3. Shop More Carefully
What did you do when inflation started to drive up grocery prices? Like many Canadians, you probably checked store prices more carefully and took advantage of specials whenever possible. Make it a resolution to apply the same approach to your money.
For example, according to the TD website, the bank is currently paying only 0.05 per cent on its High Interest (!) Savings Account, and then only if your balance is $5,000 or more. Below that, you get nothing. The rate works out to $2.50 a year on a $5,000 deposit. That won’t even buy a loaf of bread! Many smaller financial institutions are offering much better terms, with deposit insurance coverage. For example, Oaken Financial is paying 3.4 per cent, as I write.
Remember, savings rates can change any time, so keep a close watch on your account. If the rate drops, shop around for something better.
4. Don’t Pay More Taxes Than Necessary
We have a wide range of tax breaks from which to choose. The federal government encourages us to save for retirement, for education, to buy a home, and more. We have an alphabet soup of programs we can use: RRSPs, RRIFs, RESPs, TFSAs, FHSAs, RDSPs, and on and on. So, make a resolution to take advantage of them.
Yes, most are limited in scope. But TFSAs are available to anyone 18 or older. Unlike RRSPs, which must be closed no later than age 71, there is no age limit. Plan to live to 100? You can still keep your TFSA. The maximum annual contribution rises to $7,000 this year. Use it.

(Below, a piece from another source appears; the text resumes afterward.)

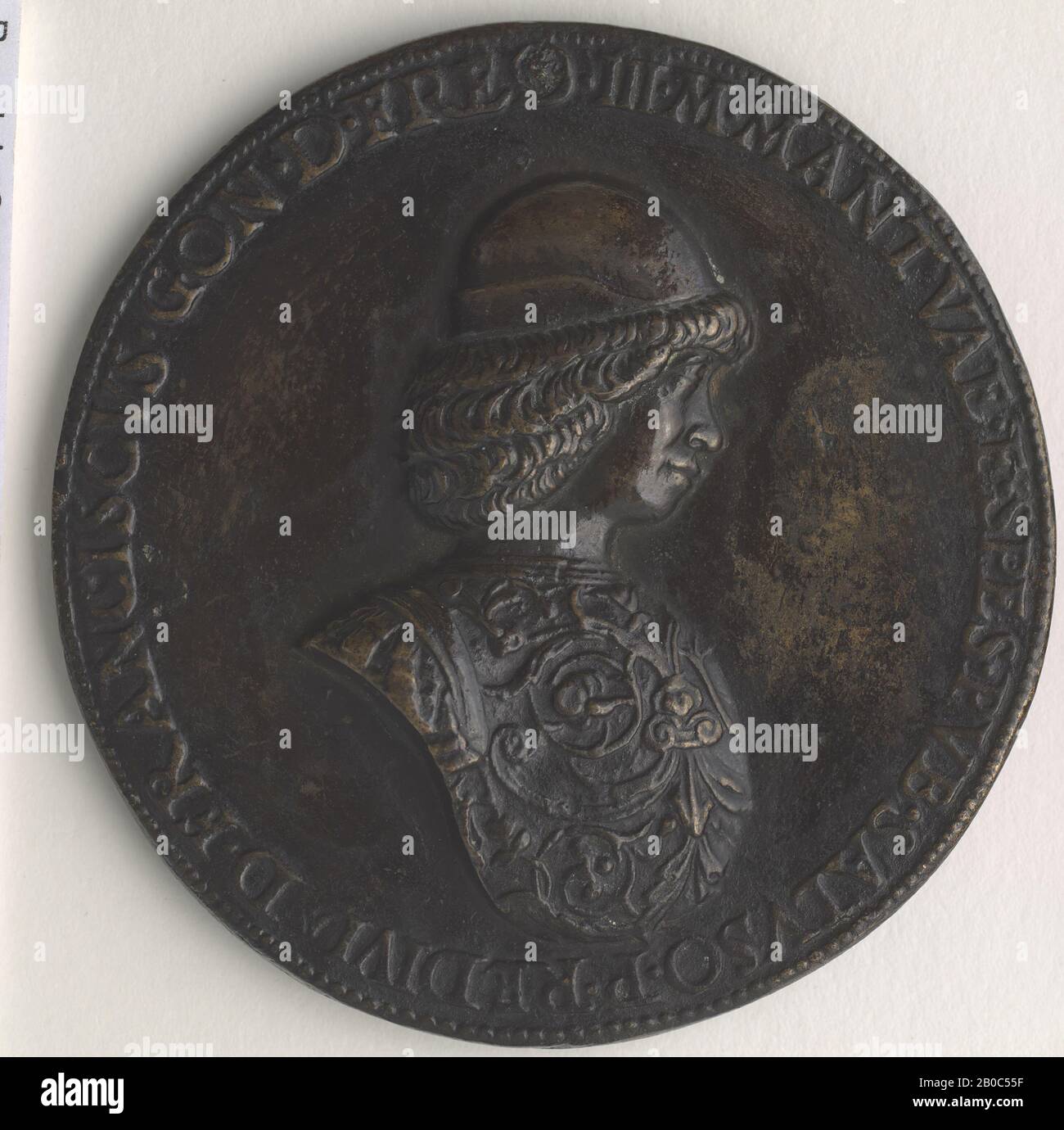 Bartolommeo Melioli, Francesco II Gonzaga (1466-1519), later fourth Marquess of Mantua, 1484, bronze, black patina, 2 13/16 in. (7.1 cm.), This early medal depicts Francesco II Gonzaga (1466-1519), the fourth Marquess of Mantua. A personification of Prudence holding a muzzle (a Gonzaga family device) is on the reverse, perhaps presenting the teenage Francesco with an important lesson: govern with the virtues of restraint and self-control. As the popularity of medals spread into Northern Italy during the latter half of the fifteenth century, schools of medalists formed in major urban centers wh Stock Photo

5. Prepare for a Recession
There are still concerns we may enter a recession in 2024. If it happens, there will be layoffs – some in companies that seem rock solid. We saw a preview of what can happen when the banks began cutting thousands of jobs in 2023. It would be worse if the economy hits the skids.
What would you do if you or someone in the family loses a job? Ideally, you’ll have a reserve fund in place to tide you over. If not, it would be a good idea to start one. I know, after settling the bills and paying down debt, there’s little or nothing left. So, weigh your priorities and decide what’s really important. And if you get some windfall money from an inheritance or a tax refund, put some aside for a rainy day. Just be sure it’s invested somewhere that offers a decent return.
6. Don’t Be a Victim
I saw an item by Pat Foran on CTV News the other night. A lady had received a threatening phone call from someone purporting to be with the Canada Revenue Agency, demanding immediate payment. She was told she would be arrested if she didn’t pay immediately – with gift cards! Obviously, the CRA doesn’t ask for gift cards for tax payments, but this lady was scared and did what she was told. The result: $5,500 lost to the scammer.
These days, scammers come at you from every direction – phone calls, emails, fake advertising. You name it, they’ve tried it. The advice is familiar, but many people fail to listen. Don’t click on any links from people you don’t recognize, and even be cautious with those from friends. Don’t give out personal information over the phone. Don’t respond to emails from acquaintances asking for “a favour.” Don’t send money to pay “tax” on a trip you’ve supposedly won. Don’t believe anyone who says you must pay in gift cards or cryptocurrency. These people aren’t going away, but you don’t have to be a victim.
Best wishes for what I hope will be a happy, healthy, safe, and prosperous 2024.